→ **PROBLEM DESCRIPTION**:
Write out the data word for word, taking care that no picture is carried over.

→ **GIVEN DATA**:
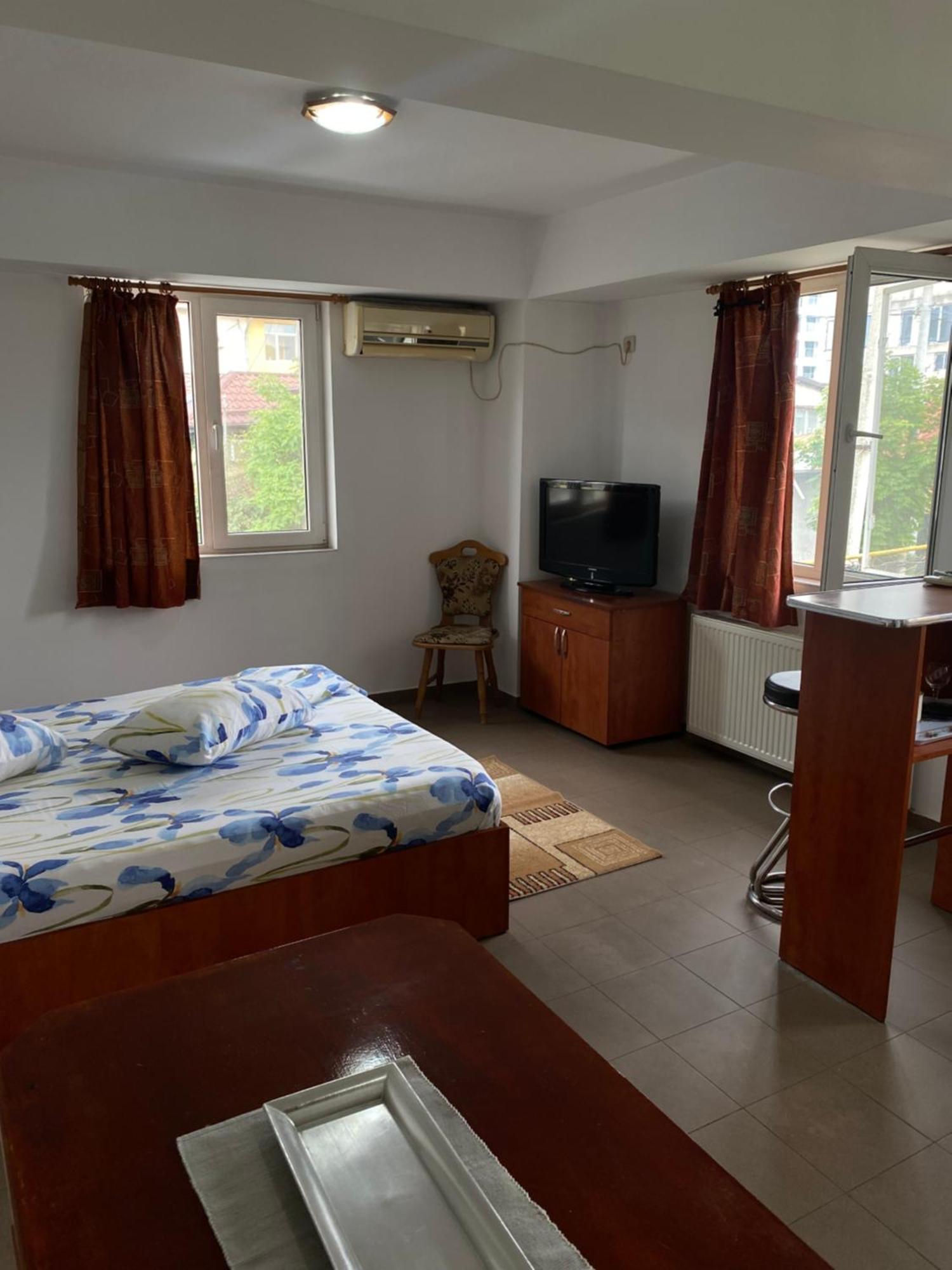 Quiet Garden Ground Floor Apartment บูคาเรสต์ ภายนอก รูปภาพ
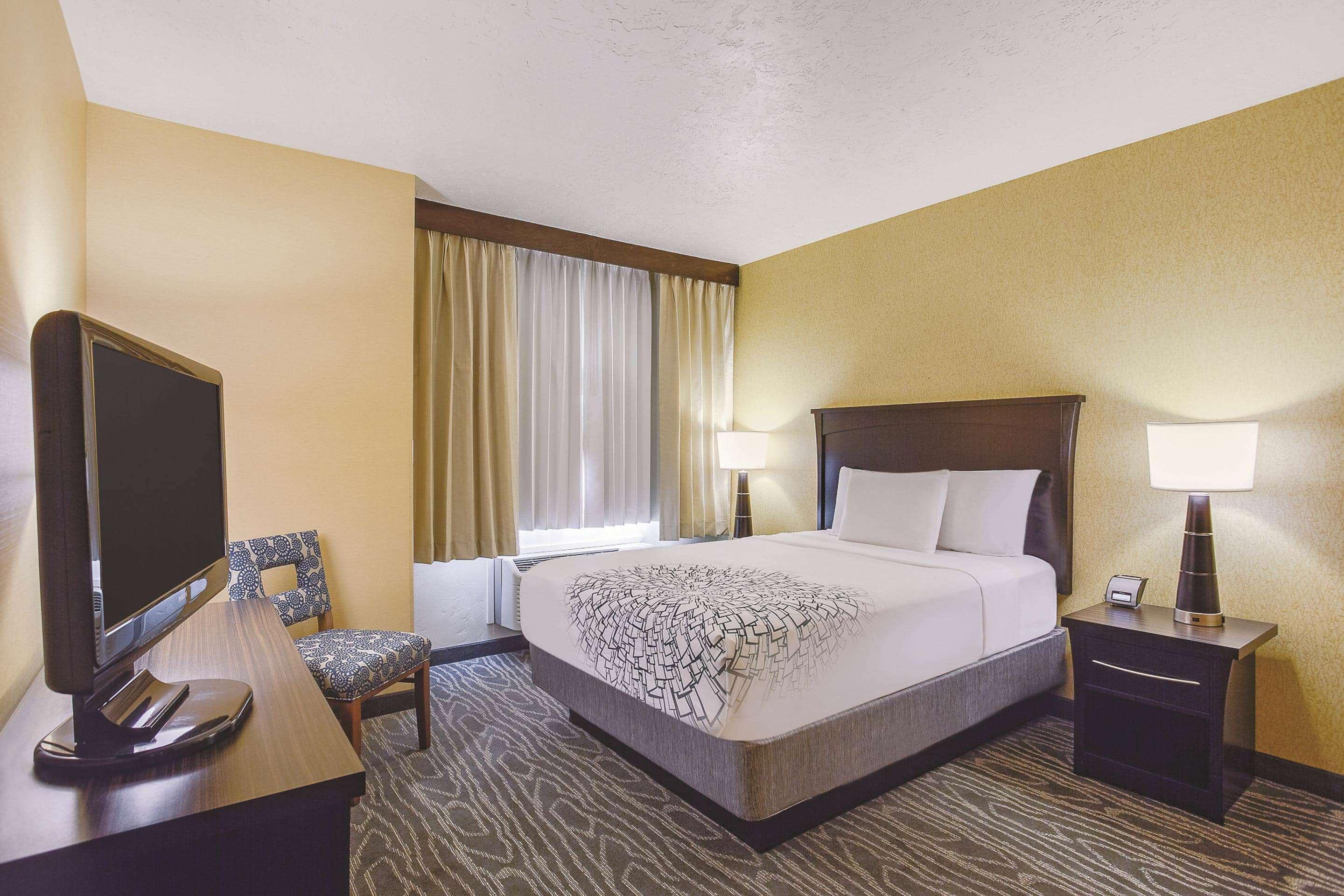 La Quinta By Wyndham Logan Hotel Exterior photo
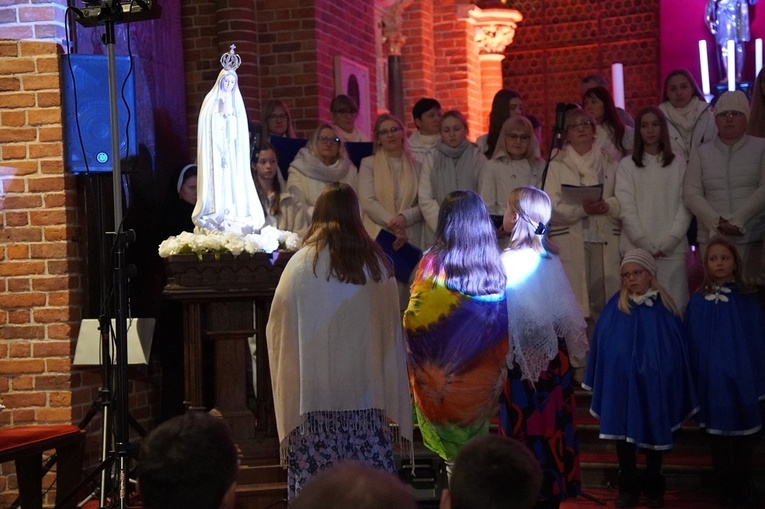 Oratorium "Miażdżąca głowę węża" w katedrze wrocławskiej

→ **PROBLEM SOLUTION**:
 Quiet Garden Ground Floor Apartment บูคาเรสต์ ภายนอก รูปภาพ
 La Quinta By Wyndham Logan Hotel Exterior photo
 Oratorium "Miażdżąca głowę węża" w katedrze wrocławskiej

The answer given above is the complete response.